In the data that follows, find the line containing "僕の記憶にこんなゴジラいない..."; then quote that line and every line after it, exactly, through the last one.

Records from a data source

- - - -

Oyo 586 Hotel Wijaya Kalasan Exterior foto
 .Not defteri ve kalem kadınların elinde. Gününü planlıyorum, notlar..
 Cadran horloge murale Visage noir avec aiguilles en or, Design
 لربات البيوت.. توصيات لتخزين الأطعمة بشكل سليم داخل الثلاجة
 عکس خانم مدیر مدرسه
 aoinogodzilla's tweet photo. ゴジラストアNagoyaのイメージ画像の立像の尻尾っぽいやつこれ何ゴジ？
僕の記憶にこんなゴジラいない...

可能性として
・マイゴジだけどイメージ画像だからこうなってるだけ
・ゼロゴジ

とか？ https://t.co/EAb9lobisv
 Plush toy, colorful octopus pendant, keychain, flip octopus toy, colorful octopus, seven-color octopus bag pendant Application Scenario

- - - -

→ **Expected answer**:
僕の記憶にこんなゴジラいない...

可能性として
・マイゴジだけどイメージ画像だからこうなってるだけ
・ゼロゴジ

とか？ https://t.co/EAb9lobisv
 Plush toy, colorful octopus pendant, keychain, flip octopus toy, colorful octopus, seven-color octopus bag pendant Application Scenario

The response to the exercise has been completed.